### [TASK MATERIAL]

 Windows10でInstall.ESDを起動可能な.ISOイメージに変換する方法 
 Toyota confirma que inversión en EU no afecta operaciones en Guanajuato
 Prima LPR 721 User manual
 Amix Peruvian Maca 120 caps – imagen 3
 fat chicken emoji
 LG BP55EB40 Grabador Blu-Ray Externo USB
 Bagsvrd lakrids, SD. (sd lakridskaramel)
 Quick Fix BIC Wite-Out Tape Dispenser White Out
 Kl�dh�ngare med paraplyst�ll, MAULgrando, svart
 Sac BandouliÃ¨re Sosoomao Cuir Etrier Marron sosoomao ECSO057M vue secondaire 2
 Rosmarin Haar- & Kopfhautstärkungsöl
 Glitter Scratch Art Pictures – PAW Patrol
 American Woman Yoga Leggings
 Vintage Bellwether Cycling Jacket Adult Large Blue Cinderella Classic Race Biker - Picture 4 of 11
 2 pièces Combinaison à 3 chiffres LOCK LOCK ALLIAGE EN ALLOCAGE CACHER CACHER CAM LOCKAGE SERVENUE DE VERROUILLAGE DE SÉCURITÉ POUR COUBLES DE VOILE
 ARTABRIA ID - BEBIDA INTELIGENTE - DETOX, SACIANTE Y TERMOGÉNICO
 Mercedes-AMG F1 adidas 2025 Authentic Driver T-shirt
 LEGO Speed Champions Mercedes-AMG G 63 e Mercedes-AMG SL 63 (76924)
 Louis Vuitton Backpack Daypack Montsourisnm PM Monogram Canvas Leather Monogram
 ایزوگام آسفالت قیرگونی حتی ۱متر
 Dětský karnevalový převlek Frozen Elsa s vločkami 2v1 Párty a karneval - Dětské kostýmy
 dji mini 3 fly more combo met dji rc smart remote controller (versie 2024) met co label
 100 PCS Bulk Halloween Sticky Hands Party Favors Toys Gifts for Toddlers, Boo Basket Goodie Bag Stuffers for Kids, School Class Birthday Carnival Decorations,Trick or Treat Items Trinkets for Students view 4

### [WHAT IS BEING ASKED]
Reply with exactly the lines above from the one that contains "Toyota confirma que" through the final line of the material, and with nothing else.

### [WRITTEN RESPONSE]
 Toyota confirma que inversión en EU no afecta operaciones en Guanajuato
 Prima LPR 721 User manual
 Amix Peruvian Maca 120 caps – imagen 3
 fat chicken emoji
 LG BP55EB40 Grabador Blu-Ray Externo USB
 Bagsvrd lakrids, SD. (sd lakridskaramel)
 Quick Fix BIC Wite-Out Tape Dispenser White Out
 Kl�dh�ngare med paraplyst�ll, MAULgrando, svart
 Sac BandouliÃ¨re Sosoomao Cuir Etrier Marron sosoomao ECSO057M vue secondaire 2
 Rosmarin Haar- & Kopfhautstärkungsöl
 Glitter Scratch Art Pictures – PAW Patrol
 American Woman Yoga Leggings
 Vintage Bellwether Cycling Jacket Adult Large Blue Cinderella Classic Race Biker - Picture 4 of 11
 2 pièces Combinaison à 3 chiffres LOCK LOCK ALLIAGE EN ALLOCAGE CACHER CACHER CAM LOCKAGE SERVENUE DE VERROUILLAGE DE SÉCURITÉ POUR COUBLES DE VOILE
 ARTABRIA ID - BEBIDA INTELIGENTE - DETOX, SACIANTE Y TERMOGÉNICO
 Mercedes-AMG F1 adidas 2025 Authentic Driver T-shirt
 LEGO Speed Champions Mercedes-AMG G 63 e Mercedes-AMG SL 63 (76924)
 Louis Vuitton Backpack Daypack Montsourisnm PM Monogram Canvas Leather Monogram
 ایزوگام آسفالت قیرگونی حتی ۱متر
 Dětský karnevalový převlek Frozen Elsa s vločkami 2v1 Párty a karneval - Dětské kostýmy
 dji mini 3 fly more combo met dji rc smart remote controller (versie 2024) met co label
 100 PCS Bulk Halloween Sticky Hands Party Favors Toys Gifts for Toddlers, Boo Basket Goodie Bag Stuffers for Kids, School Class Birthday Carnival Decorations,Trick or Treat Items Trinkets for Students view 4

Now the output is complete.